Reproduce the records below exactly, but only between the lines holding "Astro NWT black" and "Διακοπές και… ισοπαλία", inclusive.

Crawled caption data:

*** Block opens ***

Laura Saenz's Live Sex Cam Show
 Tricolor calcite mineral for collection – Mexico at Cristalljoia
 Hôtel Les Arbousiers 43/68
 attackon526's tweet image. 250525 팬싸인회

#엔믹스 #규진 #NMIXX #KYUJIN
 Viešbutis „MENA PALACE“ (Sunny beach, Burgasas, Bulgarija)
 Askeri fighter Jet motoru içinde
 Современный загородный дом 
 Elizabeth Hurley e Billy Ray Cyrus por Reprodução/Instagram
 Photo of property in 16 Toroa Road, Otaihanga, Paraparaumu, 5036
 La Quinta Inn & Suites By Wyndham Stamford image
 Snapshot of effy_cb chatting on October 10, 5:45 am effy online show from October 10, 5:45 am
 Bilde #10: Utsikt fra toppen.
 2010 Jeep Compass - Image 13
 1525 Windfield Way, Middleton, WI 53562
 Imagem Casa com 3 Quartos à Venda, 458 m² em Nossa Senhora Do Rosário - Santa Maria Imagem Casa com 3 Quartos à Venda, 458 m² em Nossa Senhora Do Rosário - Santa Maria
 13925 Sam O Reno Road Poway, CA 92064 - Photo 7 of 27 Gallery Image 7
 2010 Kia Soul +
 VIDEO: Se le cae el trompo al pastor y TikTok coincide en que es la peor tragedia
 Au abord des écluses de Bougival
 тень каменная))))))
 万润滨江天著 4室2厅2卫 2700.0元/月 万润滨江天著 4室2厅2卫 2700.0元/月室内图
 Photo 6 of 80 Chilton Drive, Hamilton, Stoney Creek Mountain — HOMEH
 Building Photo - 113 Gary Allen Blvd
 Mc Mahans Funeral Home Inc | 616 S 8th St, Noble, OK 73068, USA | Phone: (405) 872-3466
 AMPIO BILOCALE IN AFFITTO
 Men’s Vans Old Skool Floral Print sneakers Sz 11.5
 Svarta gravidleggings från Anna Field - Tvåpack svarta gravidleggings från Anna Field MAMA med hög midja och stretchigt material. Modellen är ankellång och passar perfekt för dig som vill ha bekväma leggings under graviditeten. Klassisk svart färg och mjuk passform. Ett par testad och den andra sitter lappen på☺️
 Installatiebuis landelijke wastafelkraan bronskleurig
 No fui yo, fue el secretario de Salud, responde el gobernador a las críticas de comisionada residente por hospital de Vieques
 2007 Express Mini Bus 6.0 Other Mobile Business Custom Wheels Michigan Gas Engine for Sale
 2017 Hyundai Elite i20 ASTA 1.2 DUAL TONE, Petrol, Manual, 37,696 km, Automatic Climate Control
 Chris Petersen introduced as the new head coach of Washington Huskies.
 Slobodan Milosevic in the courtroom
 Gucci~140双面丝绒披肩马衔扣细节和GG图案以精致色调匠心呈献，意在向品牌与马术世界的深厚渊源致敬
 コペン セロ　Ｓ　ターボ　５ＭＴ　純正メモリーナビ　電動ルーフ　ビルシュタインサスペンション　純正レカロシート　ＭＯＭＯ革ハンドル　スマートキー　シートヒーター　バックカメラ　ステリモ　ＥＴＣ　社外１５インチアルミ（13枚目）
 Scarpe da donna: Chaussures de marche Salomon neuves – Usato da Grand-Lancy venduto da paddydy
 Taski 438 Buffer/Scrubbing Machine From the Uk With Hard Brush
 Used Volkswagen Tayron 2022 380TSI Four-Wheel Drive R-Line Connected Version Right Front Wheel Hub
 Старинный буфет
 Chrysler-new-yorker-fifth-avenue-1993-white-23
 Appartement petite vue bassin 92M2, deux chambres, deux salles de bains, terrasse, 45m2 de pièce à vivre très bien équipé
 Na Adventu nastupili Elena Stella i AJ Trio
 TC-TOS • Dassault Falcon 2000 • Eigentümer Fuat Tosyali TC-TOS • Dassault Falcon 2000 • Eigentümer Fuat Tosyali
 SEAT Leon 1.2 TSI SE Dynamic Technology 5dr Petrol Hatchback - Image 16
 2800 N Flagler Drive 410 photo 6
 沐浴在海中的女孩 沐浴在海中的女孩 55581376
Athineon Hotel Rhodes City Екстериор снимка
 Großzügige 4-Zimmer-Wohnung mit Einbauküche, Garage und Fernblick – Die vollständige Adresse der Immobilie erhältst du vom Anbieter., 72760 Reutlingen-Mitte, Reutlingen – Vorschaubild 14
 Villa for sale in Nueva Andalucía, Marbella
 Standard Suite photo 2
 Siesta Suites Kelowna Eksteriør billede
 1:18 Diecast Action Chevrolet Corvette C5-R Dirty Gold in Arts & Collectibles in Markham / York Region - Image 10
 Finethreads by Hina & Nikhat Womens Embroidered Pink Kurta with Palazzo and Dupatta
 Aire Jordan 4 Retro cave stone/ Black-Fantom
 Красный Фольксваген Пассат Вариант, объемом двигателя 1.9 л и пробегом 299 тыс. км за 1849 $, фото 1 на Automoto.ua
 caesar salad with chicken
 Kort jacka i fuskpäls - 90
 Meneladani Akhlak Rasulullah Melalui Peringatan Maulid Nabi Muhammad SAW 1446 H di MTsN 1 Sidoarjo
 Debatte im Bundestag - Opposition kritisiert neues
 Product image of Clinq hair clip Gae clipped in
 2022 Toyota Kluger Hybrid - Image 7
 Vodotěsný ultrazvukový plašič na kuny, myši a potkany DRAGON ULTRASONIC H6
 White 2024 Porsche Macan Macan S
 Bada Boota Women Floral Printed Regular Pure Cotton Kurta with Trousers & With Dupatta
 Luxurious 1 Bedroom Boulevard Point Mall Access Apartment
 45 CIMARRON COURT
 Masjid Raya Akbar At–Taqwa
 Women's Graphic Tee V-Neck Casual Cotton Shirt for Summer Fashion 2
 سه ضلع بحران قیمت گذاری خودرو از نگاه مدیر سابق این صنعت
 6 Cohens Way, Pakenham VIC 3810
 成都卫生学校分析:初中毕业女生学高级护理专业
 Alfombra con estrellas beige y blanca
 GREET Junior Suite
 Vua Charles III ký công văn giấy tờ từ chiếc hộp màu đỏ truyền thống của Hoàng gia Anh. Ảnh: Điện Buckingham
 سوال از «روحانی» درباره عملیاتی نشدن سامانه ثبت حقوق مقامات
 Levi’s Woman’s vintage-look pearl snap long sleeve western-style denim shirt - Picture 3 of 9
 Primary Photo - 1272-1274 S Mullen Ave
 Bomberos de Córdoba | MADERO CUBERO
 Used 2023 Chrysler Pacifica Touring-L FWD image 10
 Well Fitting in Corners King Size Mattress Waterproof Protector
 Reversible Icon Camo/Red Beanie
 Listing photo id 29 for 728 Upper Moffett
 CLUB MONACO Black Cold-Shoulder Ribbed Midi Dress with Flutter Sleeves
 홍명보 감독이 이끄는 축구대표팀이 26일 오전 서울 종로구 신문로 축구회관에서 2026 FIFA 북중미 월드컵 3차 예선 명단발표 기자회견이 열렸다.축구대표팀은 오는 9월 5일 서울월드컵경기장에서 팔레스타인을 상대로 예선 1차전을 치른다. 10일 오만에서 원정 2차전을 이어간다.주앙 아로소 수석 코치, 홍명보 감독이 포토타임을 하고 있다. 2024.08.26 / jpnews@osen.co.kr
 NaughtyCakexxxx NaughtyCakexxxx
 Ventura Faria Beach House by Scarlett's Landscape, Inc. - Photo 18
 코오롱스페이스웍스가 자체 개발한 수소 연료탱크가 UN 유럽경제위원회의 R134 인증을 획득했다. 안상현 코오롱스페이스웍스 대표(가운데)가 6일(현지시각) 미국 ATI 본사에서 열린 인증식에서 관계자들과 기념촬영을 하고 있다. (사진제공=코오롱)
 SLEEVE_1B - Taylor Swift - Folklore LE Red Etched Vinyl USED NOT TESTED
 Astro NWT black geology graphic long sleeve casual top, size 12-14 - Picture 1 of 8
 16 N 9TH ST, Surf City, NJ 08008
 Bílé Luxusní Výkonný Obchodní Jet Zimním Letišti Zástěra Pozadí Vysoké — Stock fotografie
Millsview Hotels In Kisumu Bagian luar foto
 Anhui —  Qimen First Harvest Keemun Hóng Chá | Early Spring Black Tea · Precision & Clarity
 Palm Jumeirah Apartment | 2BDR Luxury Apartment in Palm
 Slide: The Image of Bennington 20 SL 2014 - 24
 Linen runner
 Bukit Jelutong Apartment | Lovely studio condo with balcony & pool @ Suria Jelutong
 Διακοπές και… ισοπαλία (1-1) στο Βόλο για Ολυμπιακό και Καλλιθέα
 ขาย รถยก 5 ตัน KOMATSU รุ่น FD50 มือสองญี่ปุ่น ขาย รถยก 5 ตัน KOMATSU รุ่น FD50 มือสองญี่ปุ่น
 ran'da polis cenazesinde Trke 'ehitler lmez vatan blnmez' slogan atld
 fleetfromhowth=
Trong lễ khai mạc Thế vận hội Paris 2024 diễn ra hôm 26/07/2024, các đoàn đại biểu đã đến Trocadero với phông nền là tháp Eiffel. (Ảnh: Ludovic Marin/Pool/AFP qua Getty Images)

*** Block closes ***

● Written solution
 Astro NWT black geology graphic long sleeve casual top, size 12-14 - Picture 1 of 8
 16 N 9TH ST, Surf City, NJ 08008
 Bílé Luxusní Výkonný Obchodní Jet Zimním Letišti Zástěra Pozadí Vysoké — Stock fotografie
Millsview Hotels In Kisumu Bagian luar foto
 Anhui —  Qimen First Harvest Keemun Hóng Chá | Early Spring Black Tea · Precision & Clarity
 Palm Jumeirah Apartment | 2BDR Luxury Apartment in Palm
 Slide: The Image of Bennington 20 SL 2014 - 24
 Linen runner
 Bukit Jelutong Apartment | Lovely studio condo with balcony & pool @ Suria Jelutong
 Διακοπές και… ισοπαλία (1-1) στο Βόλο για Ολυμπιακό και Καλλιθέα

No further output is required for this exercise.